→ **Your assignment**: Could you copy word for word only the lines between the one containing "Product image of M.C. Escher Small Book" and the end of the listing below, both included, and leave out the pictures?
________________________________________
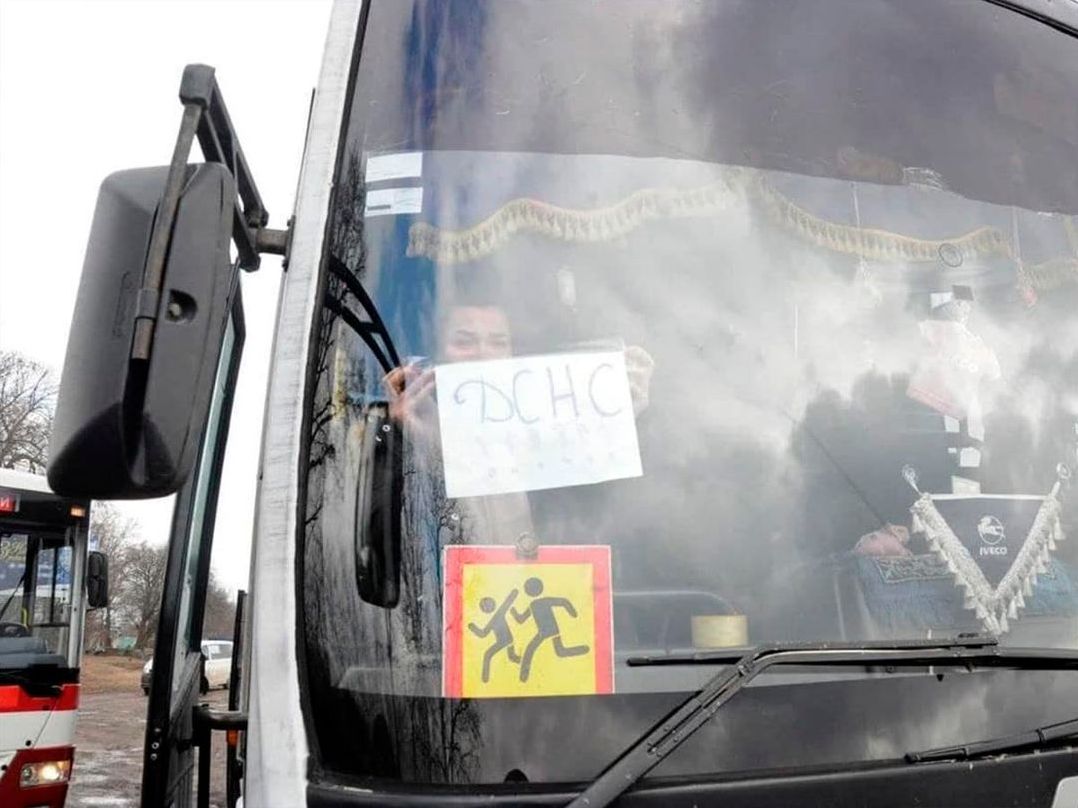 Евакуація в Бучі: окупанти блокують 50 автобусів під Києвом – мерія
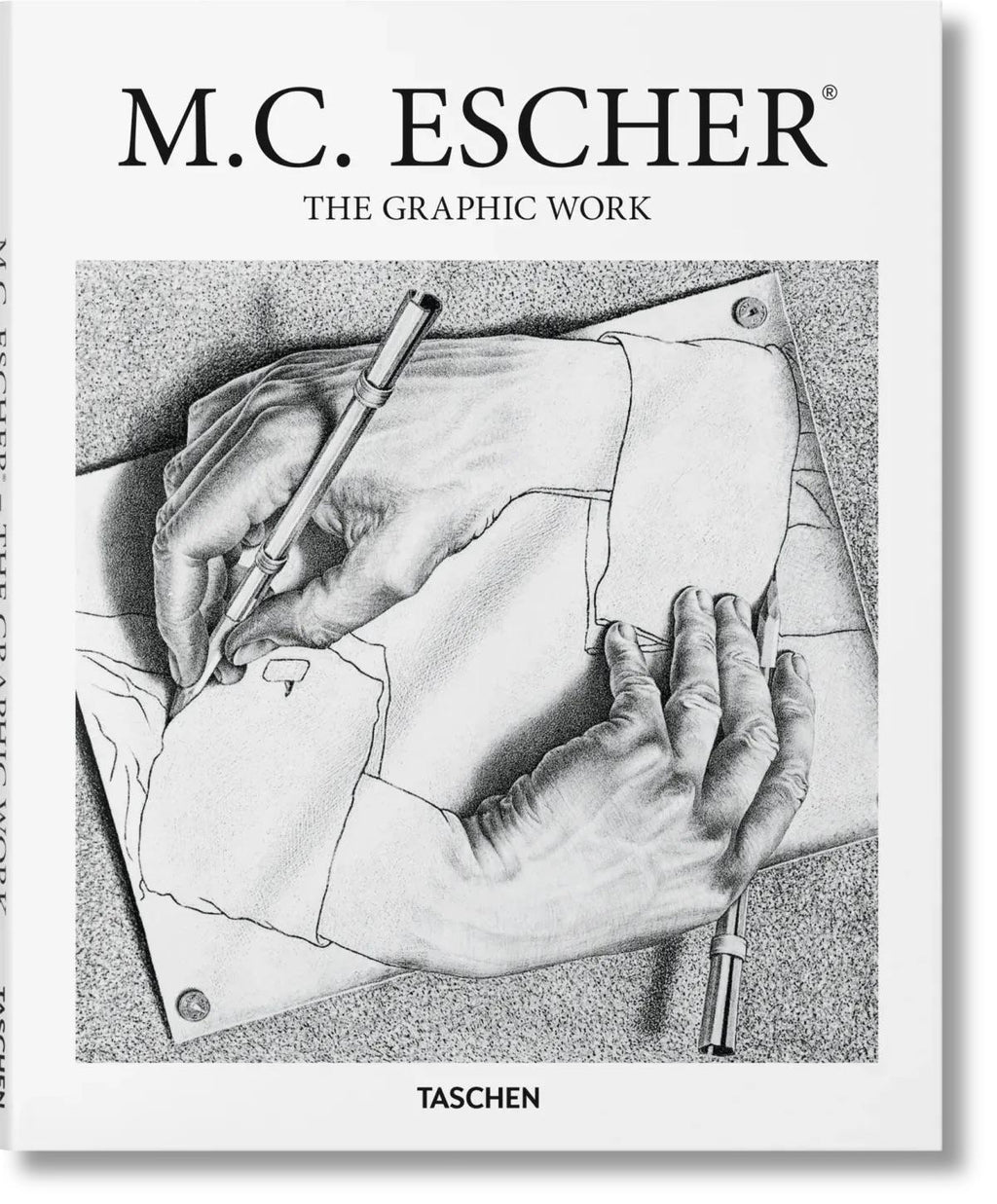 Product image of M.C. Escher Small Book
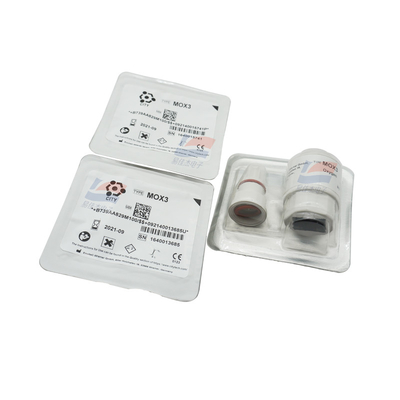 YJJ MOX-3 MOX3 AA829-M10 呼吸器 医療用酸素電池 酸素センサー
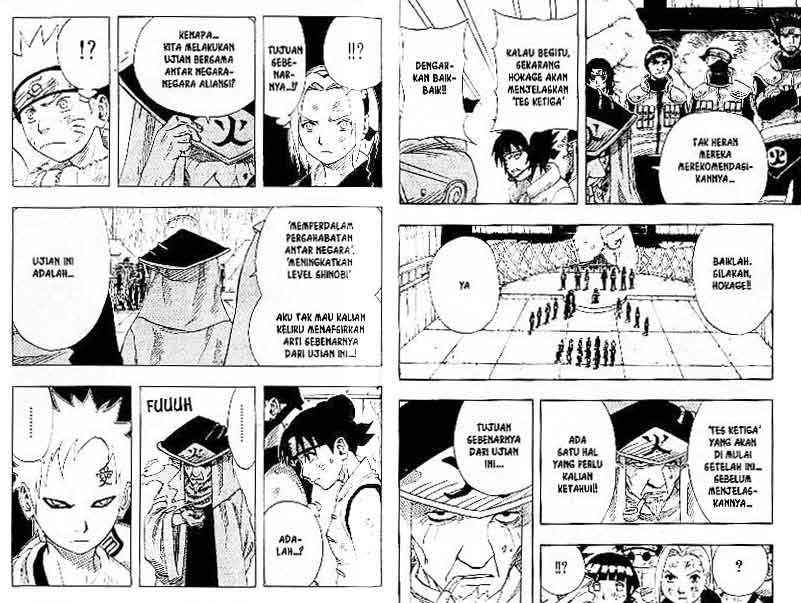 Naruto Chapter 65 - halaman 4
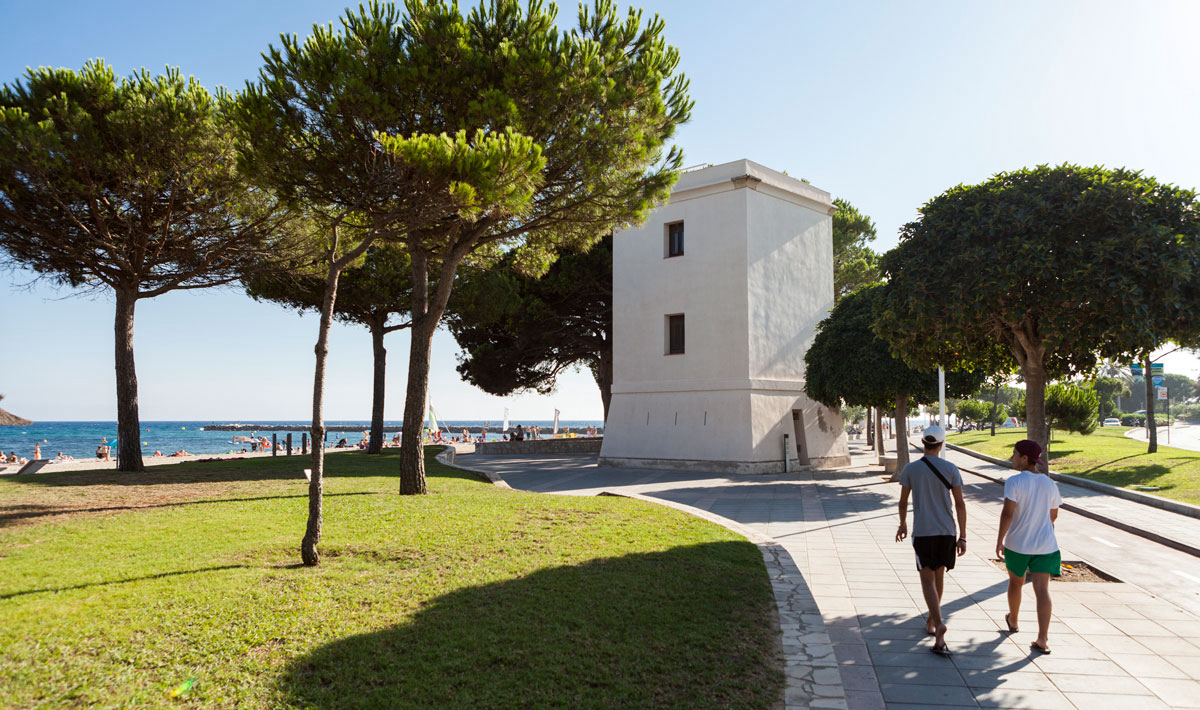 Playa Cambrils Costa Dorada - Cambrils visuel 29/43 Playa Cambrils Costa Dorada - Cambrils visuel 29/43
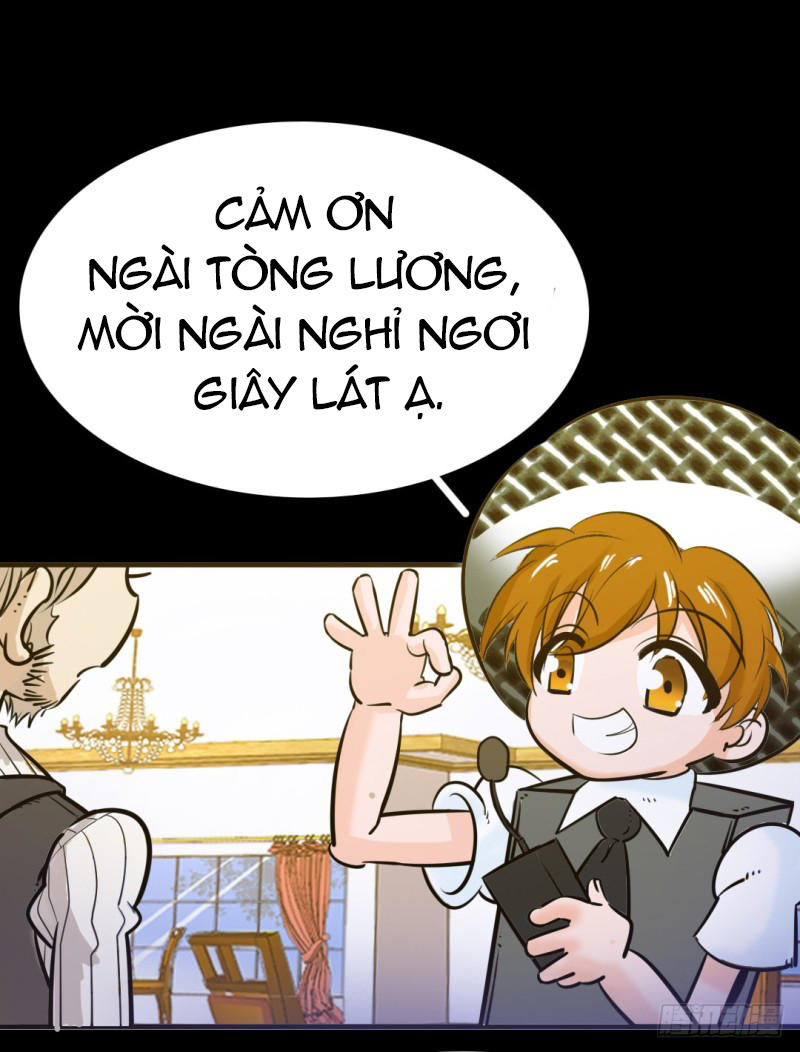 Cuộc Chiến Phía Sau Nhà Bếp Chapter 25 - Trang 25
________________________________________
→ **Exercise answer**:
 Product image of M.C. Escher Small Book
 YJJ MOX-3 MOX3 AA829-M10 呼吸器 医療用酸素電池 酸素センサー
 Naruto Chapter 65 - halaman 4
 Playa Cambrils Costa Dorada - Cambrils visuel 29/43 Playa Cambrils Costa Dorada - Cambrils visuel 29/43
 Cuộc Chiến Phía Sau Nhà Bếp Chapter 25 - Trang 25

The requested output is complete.